(Saved data entries)

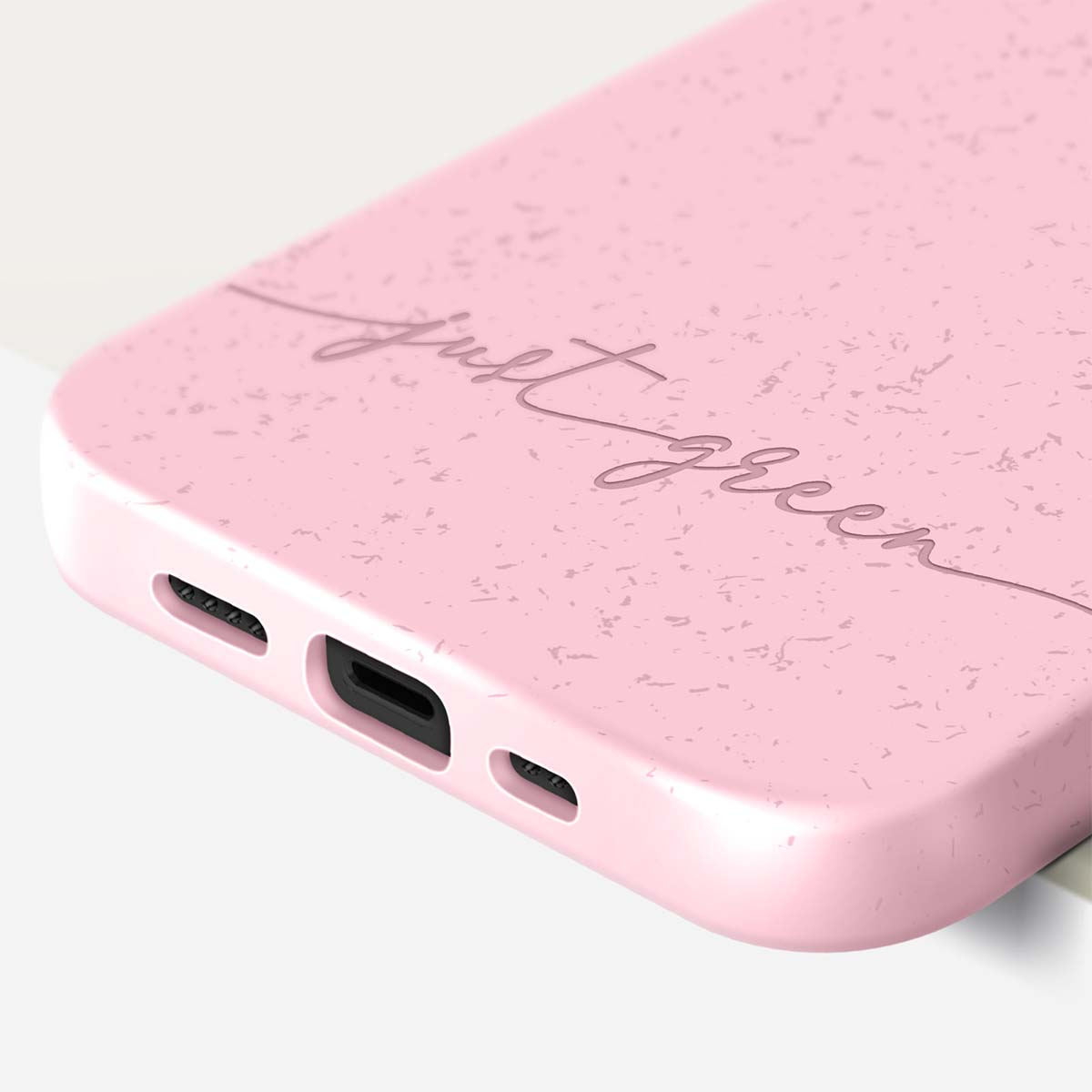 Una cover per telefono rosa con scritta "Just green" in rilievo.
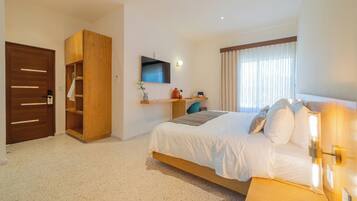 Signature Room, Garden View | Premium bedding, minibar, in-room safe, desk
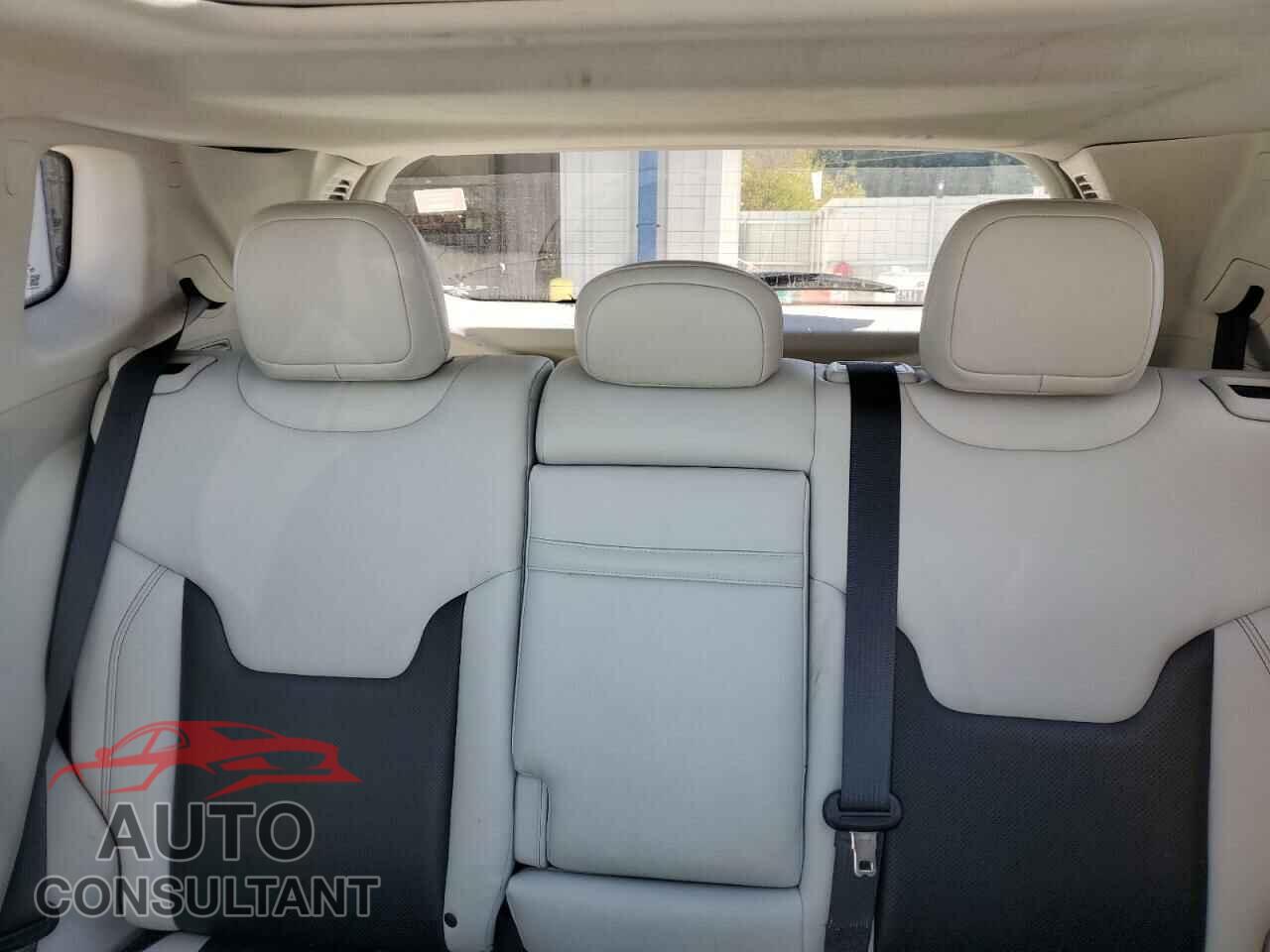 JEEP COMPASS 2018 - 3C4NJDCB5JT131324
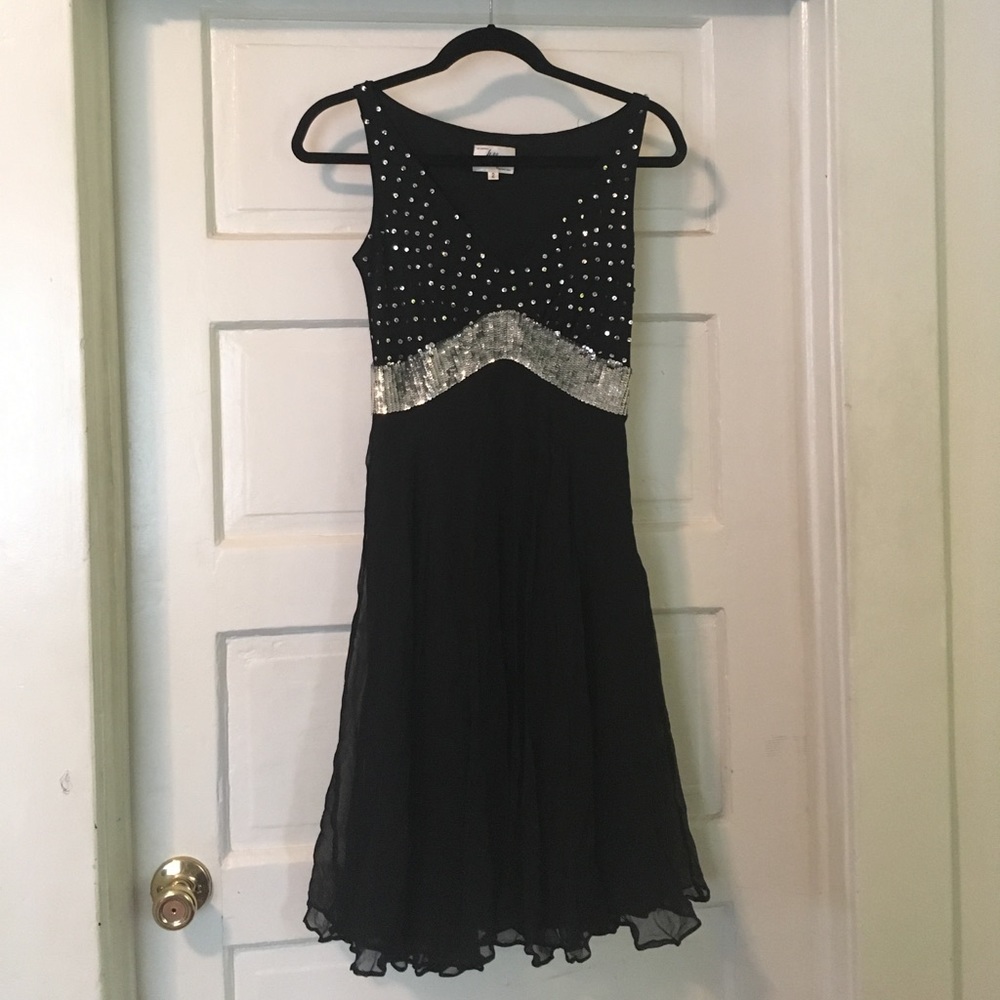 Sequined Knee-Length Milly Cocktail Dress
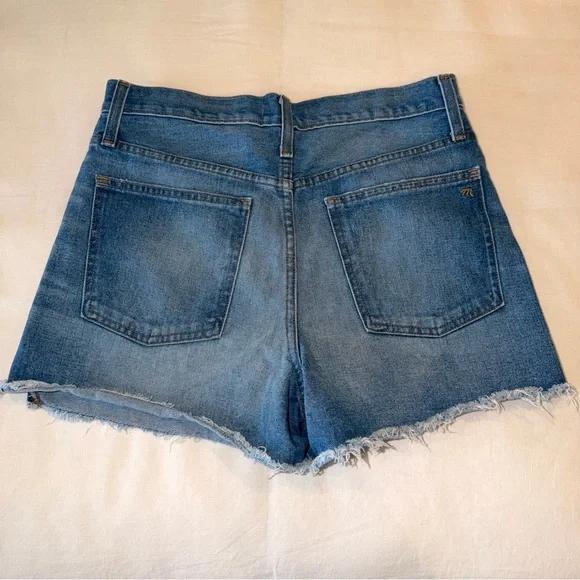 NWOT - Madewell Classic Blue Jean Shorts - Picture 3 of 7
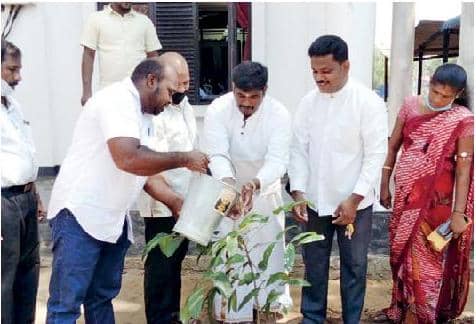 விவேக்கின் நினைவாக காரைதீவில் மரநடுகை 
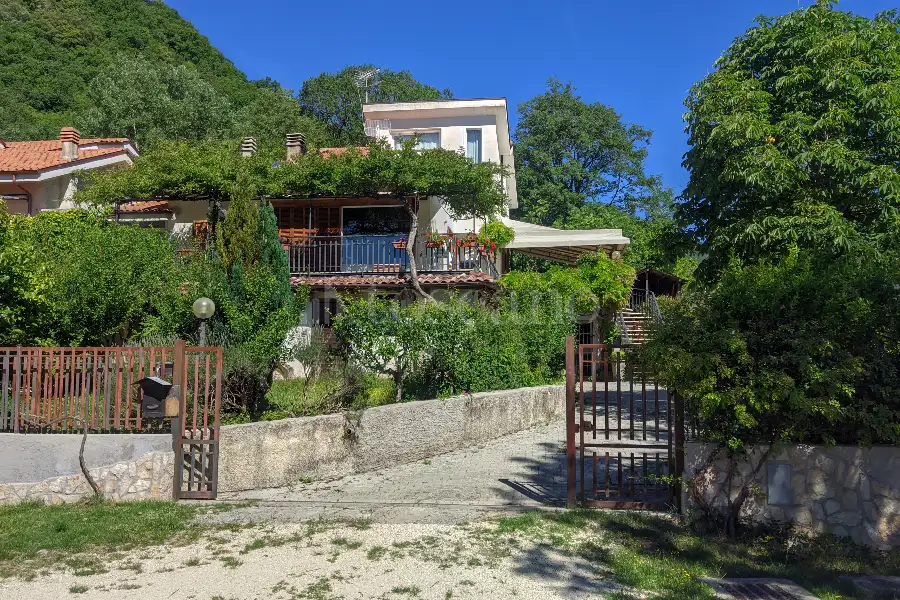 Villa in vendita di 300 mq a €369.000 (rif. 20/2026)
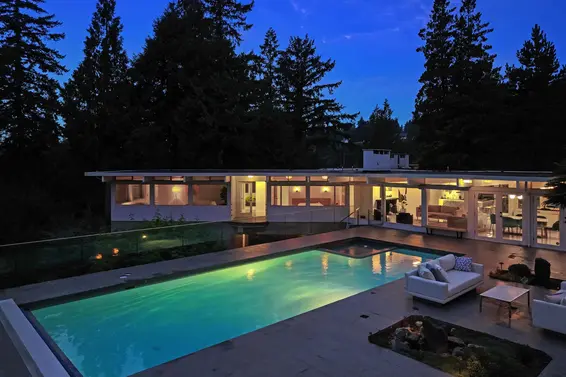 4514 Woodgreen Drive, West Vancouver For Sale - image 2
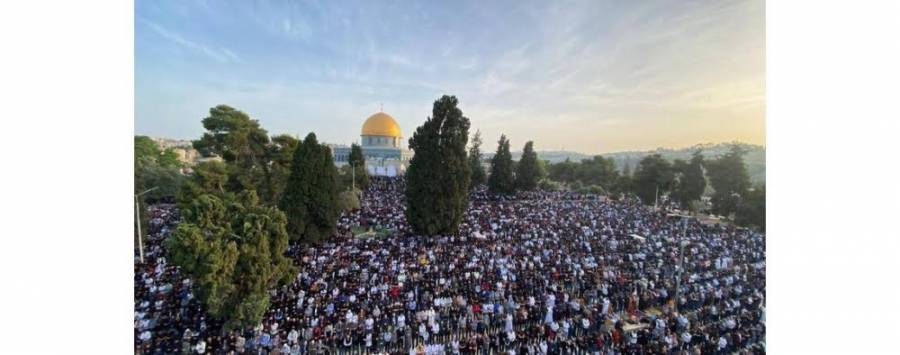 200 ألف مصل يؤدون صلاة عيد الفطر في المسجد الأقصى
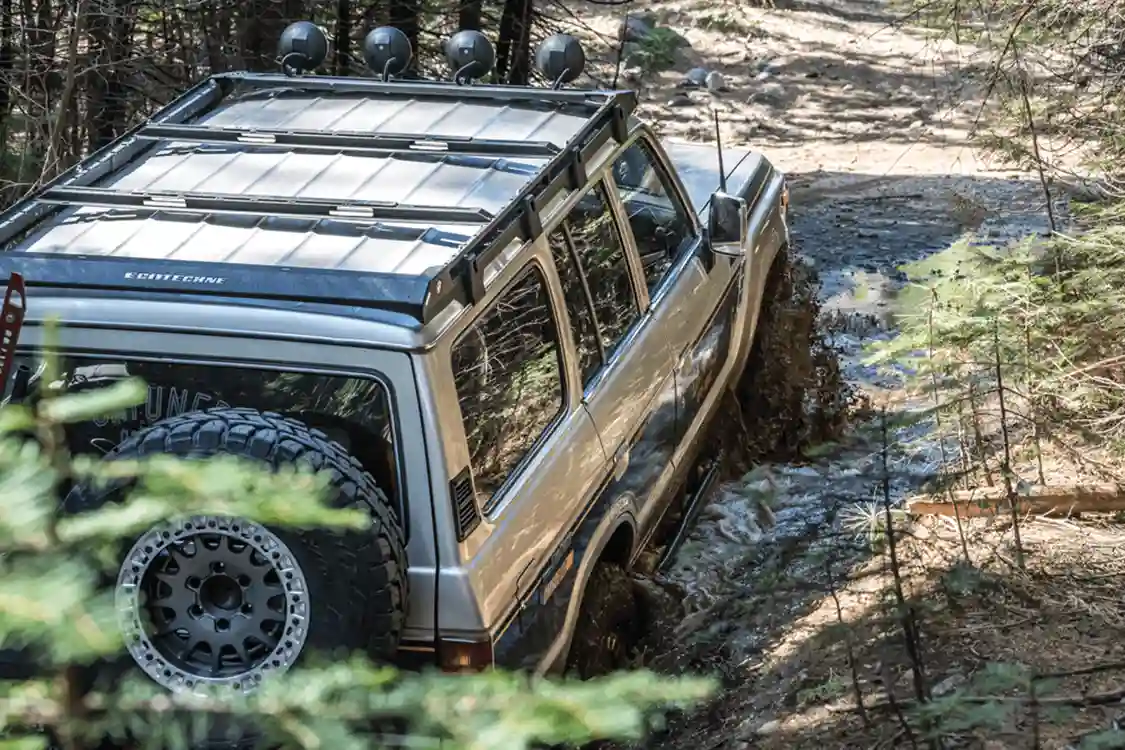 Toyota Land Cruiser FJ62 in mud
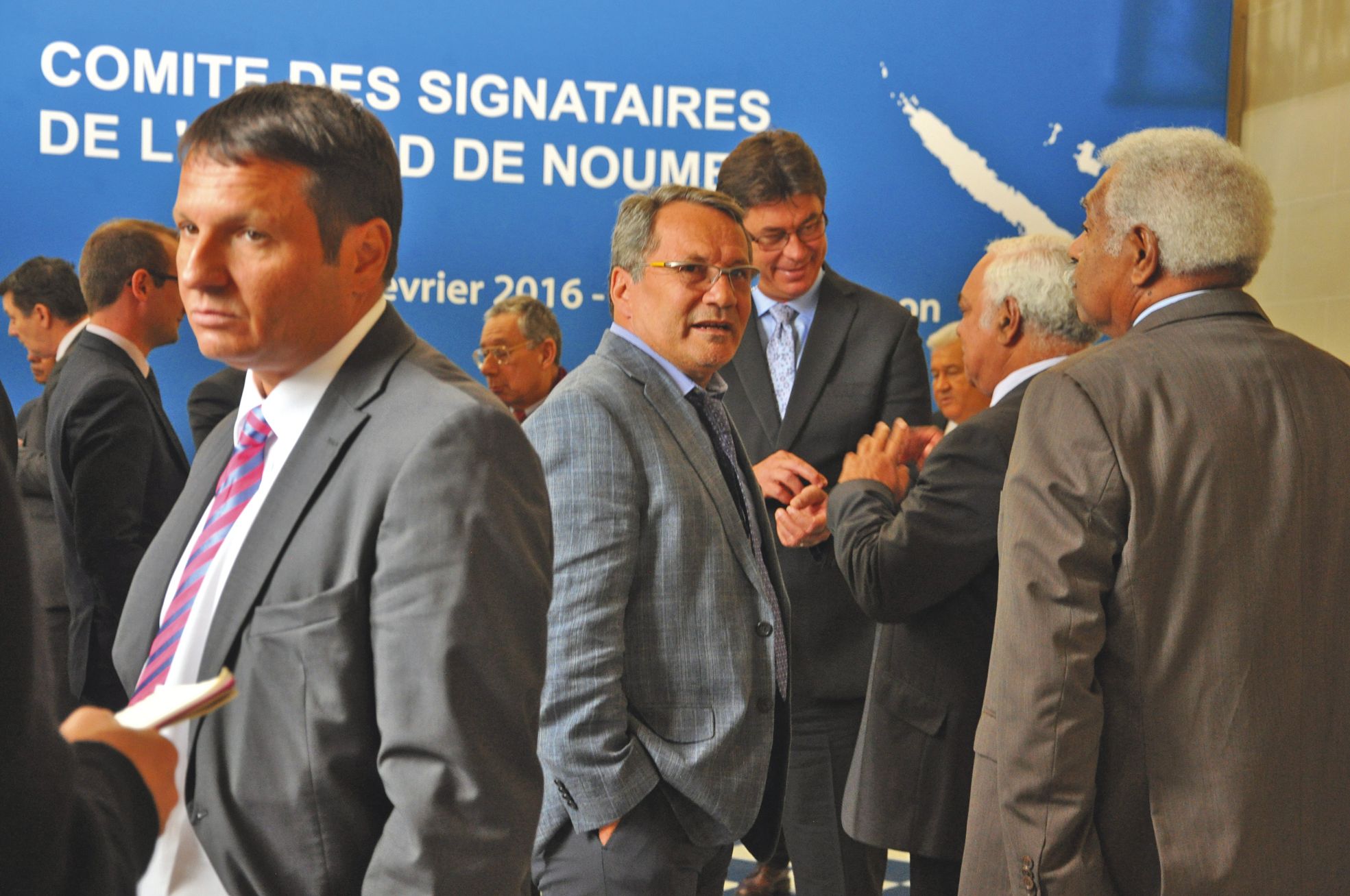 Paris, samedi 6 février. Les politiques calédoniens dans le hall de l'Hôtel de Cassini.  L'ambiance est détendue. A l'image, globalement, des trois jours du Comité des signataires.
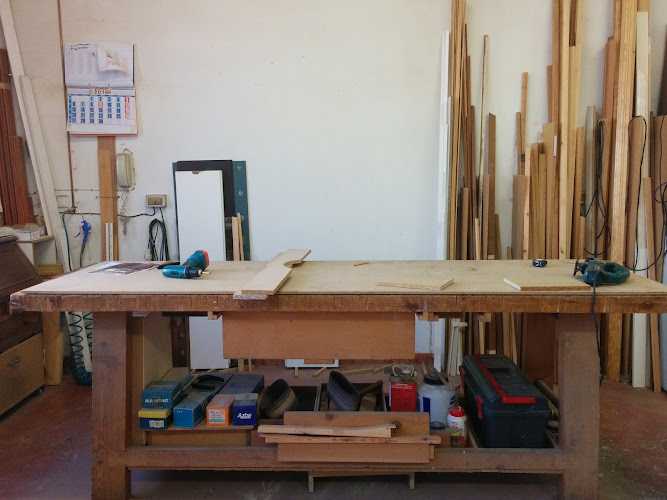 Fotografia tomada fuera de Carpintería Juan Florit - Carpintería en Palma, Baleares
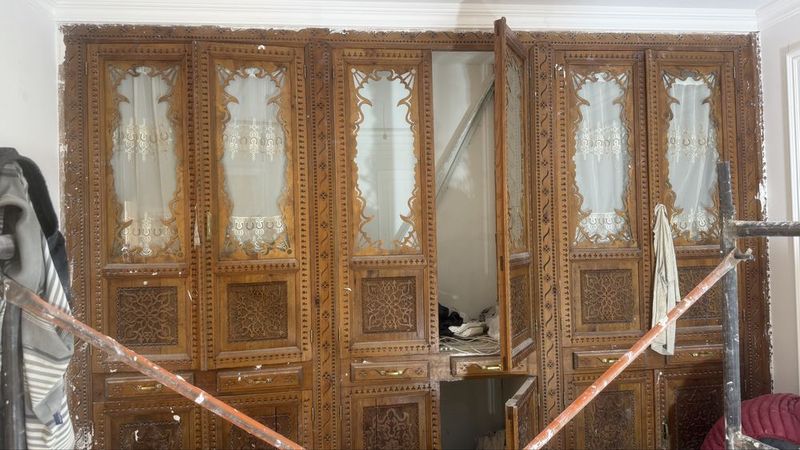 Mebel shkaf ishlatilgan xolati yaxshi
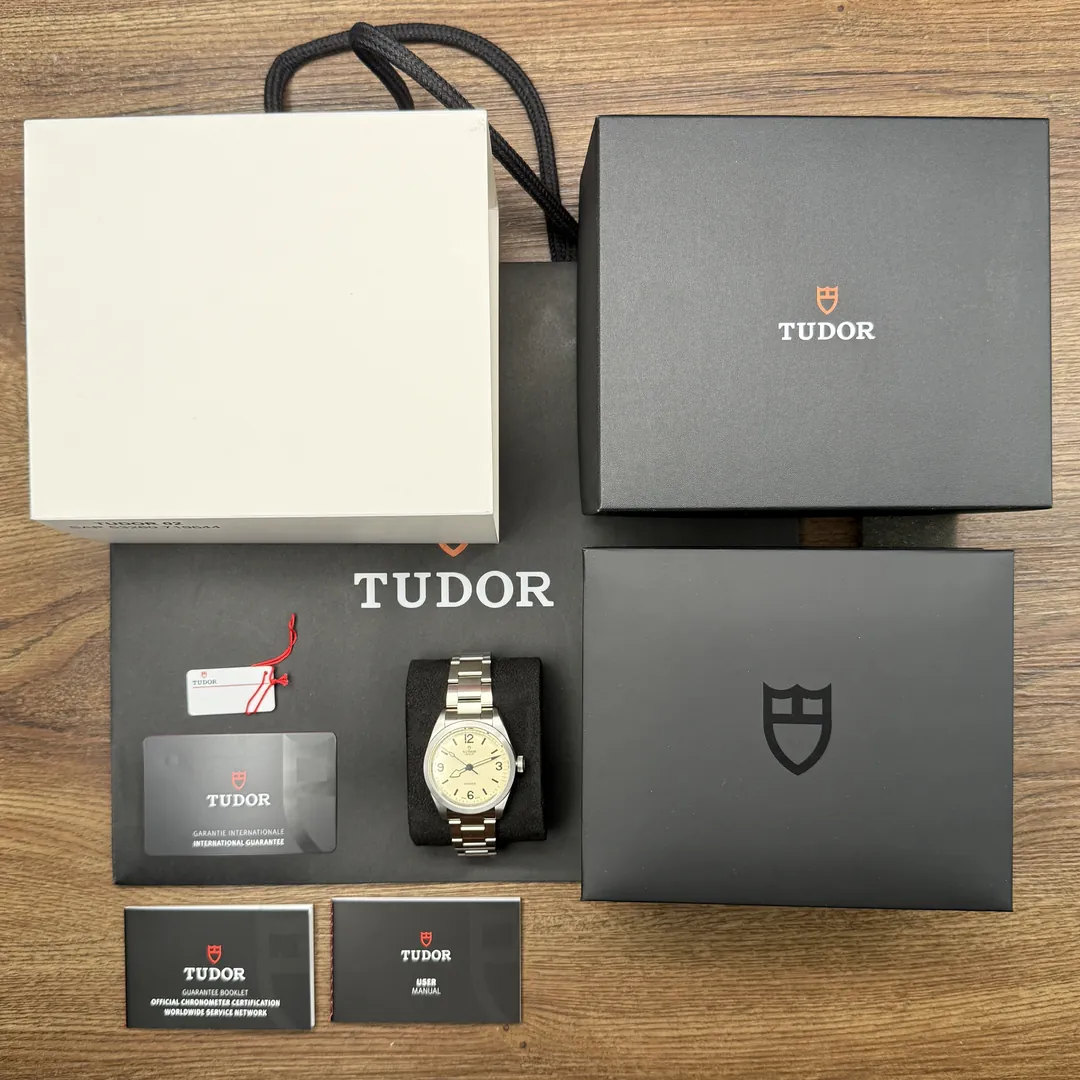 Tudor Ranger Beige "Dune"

• EXERCISE OBJECTIVE:
Pictures aside, reproduce every record exactly as it stands.

• OUTPUT FOR THIS TASK:
 Una cover per telefono rosa con scritta "Just green" in rilievo.
 Signature Room, Garden View | Premium bedding, minibar, in-room safe, desk
 JEEP COMPASS 2018 - 3C4NJDCB5JT131324
 Sequined Knee-Length Milly Cocktail Dress
 NWOT - Madewell Classic Blue Jean Shorts - Picture 3 of 7
 விவேக்கின் நினைவாக காரைதீவில் மரநடுகை 
 Villa in vendita di 300 mq a €369.000 (rif. 20/2026)
 4514 Woodgreen Drive, West Vancouver For Sale - image 2
 200 ألف مصل يؤدون صلاة عيد الفطر في المسجد الأقصى
 Toyota Land Cruiser FJ62 in mud
 Paris, samedi 6 février. Les politiques calédoniens dans le hall de l'Hôtel de Cassini.  L'ambiance est détendue. A l'image, globalement, des trois jours du Comité des signataires.
 Fotografia tomada fuera de Carpintería Juan Florit - Carpintería en Palma, Baleares
 Mebel shkaf ishlatilgan xolati yaxshi
 Tudor Ranger Beige "Dune"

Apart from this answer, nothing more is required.